== Segment start ==

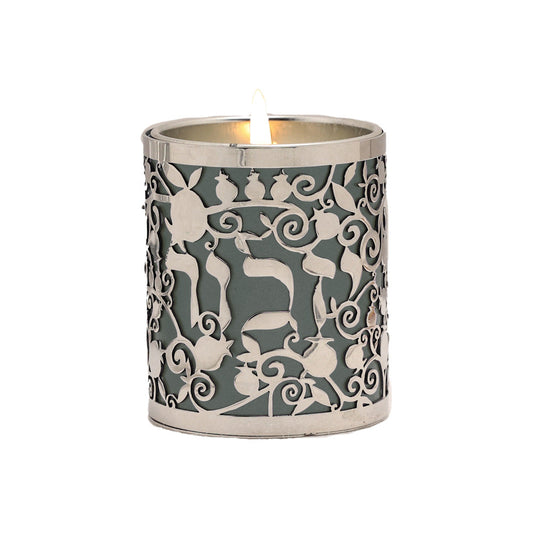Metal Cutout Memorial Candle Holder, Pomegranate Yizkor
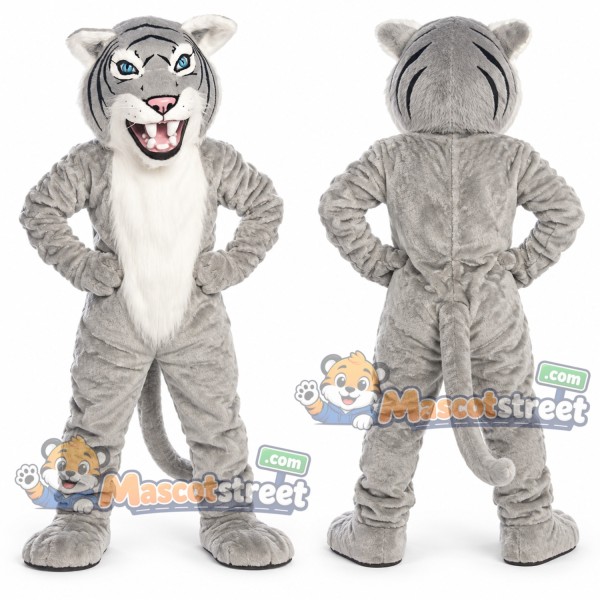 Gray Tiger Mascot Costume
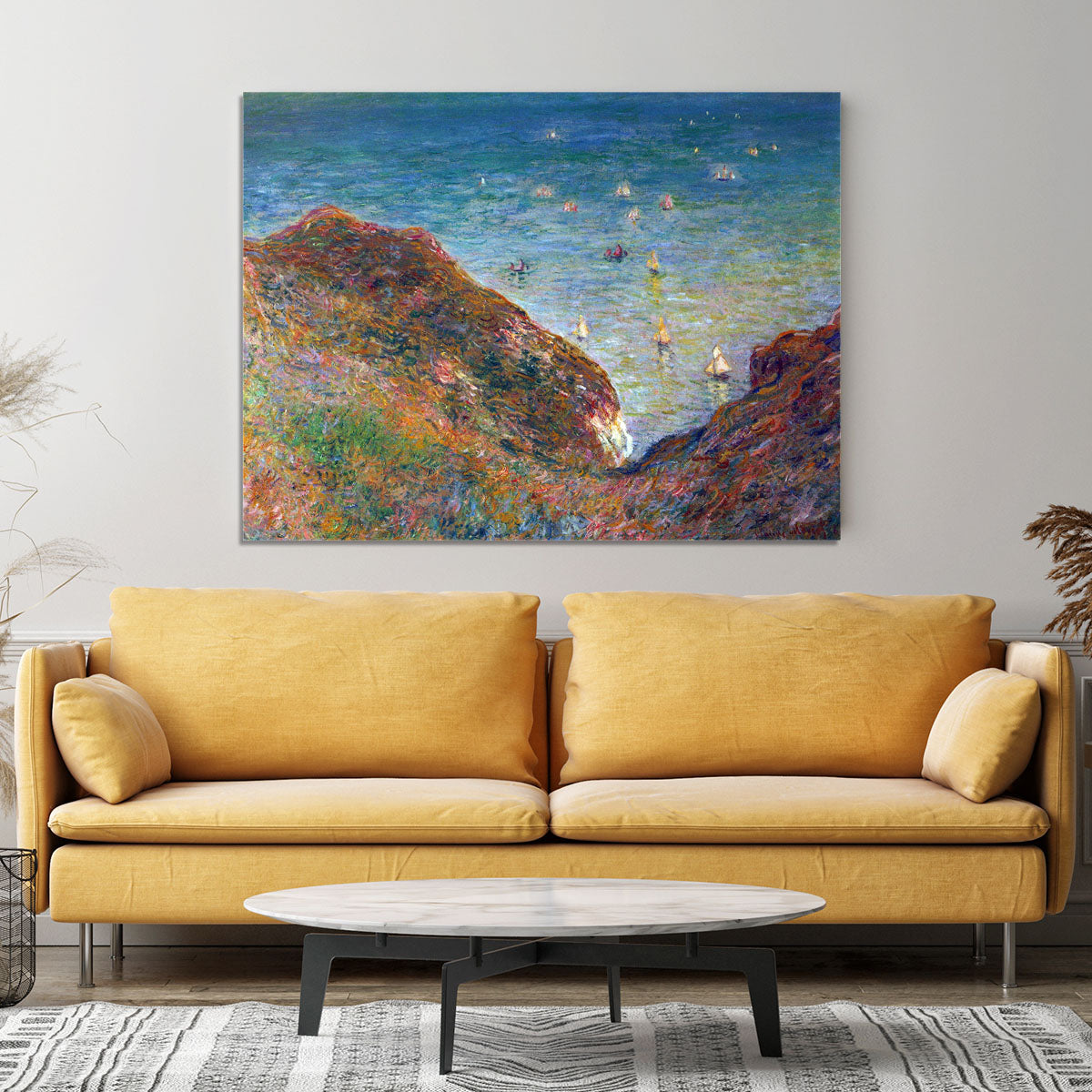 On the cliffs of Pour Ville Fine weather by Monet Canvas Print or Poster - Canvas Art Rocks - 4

== Segment end ==

What is expected ▸
Please transcribe the listing above verbatim and exclude every picture.

Answer for the task ▸
Metal Cutout Memorial Candle Holder, Pomegranate Yizkor
 Gray Tiger Mascot Costume
 On the cliffs of Pour Ville Fine weather by Monet Canvas Print or Poster - Canvas Art Rocks - 4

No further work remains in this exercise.